>>
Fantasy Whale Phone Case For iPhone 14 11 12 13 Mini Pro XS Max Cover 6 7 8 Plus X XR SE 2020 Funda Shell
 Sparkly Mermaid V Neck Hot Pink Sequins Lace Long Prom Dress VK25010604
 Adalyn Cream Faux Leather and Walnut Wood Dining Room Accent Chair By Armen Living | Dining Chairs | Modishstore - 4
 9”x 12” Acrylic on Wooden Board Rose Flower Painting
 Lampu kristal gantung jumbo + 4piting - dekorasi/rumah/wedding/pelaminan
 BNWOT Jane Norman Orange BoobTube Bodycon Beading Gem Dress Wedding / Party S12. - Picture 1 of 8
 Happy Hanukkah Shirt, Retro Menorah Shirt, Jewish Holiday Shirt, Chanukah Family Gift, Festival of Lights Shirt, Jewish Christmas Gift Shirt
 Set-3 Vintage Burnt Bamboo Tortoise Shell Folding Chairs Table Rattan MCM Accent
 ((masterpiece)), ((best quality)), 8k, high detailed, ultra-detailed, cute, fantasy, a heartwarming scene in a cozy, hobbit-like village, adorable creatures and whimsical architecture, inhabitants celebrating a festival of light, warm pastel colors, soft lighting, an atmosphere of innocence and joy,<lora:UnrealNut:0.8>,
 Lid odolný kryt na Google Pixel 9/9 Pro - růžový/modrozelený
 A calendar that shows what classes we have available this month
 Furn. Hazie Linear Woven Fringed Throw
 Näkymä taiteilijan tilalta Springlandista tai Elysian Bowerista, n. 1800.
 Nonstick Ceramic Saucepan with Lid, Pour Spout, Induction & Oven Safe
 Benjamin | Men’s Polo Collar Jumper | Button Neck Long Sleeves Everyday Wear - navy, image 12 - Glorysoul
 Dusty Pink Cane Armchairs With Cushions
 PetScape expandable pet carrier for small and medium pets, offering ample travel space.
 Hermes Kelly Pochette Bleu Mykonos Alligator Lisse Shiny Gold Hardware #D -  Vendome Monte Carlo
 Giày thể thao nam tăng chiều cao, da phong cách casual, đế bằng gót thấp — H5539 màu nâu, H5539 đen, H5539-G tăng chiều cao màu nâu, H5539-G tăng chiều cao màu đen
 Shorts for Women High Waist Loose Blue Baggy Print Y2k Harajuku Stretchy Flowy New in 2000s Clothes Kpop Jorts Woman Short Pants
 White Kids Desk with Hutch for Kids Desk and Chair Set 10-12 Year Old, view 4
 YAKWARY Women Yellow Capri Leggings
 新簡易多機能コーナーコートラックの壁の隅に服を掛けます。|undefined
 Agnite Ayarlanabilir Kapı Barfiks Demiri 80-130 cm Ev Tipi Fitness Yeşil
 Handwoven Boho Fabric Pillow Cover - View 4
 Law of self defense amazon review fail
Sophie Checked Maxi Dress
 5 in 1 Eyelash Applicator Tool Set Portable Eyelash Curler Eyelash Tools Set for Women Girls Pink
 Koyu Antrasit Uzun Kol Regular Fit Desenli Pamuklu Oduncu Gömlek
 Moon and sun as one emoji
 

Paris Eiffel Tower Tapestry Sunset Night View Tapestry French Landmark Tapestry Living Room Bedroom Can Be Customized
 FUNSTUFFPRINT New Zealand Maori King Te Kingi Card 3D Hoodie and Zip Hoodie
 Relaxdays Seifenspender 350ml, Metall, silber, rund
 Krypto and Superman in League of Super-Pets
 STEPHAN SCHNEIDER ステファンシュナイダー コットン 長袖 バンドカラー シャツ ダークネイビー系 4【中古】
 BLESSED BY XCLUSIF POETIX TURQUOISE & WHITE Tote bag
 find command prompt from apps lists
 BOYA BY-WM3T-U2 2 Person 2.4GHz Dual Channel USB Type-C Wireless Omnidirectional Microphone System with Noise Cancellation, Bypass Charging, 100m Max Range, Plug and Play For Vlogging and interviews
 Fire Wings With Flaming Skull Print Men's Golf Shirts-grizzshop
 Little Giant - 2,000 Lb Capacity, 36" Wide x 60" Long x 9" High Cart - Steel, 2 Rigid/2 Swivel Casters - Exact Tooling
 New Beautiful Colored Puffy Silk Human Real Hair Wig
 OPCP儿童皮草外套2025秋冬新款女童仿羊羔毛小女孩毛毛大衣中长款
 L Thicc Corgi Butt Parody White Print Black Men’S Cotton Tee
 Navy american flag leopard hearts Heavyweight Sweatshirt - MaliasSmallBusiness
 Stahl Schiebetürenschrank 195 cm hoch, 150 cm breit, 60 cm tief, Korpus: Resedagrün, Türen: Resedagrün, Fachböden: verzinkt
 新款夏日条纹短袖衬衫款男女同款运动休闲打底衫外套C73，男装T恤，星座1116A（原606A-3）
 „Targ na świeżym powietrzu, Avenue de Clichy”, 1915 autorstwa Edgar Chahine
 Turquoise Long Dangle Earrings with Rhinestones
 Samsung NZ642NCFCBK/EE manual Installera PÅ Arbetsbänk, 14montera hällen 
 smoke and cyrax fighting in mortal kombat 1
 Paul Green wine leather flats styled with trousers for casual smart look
<<
• **Exercise**: Repeat, character for character, the lines of the material above from the line with "Moon and sun as one emoji" through the line with "STEPHAN SCHNEIDER ステファンシュナイダー".

• **Written response**:
 Moon and sun as one emoji
 

Paris Eiffel Tower Tapestry Sunset Night View Tapestry French Landmark Tapestry Living Room Bedroom Can Be Customized
 FUNSTUFFPRINT New Zealand Maori King Te Kingi Card 3D Hoodie and Zip Hoodie
 Relaxdays Seifenspender 350ml, Metall, silber, rund
 Krypto and Superman in League of Super-Pets
 STEPHAN SCHNEIDER ステファンシュナイダー コットン 長袖 バンドカラー シャツ ダークネイビー系 4【中古】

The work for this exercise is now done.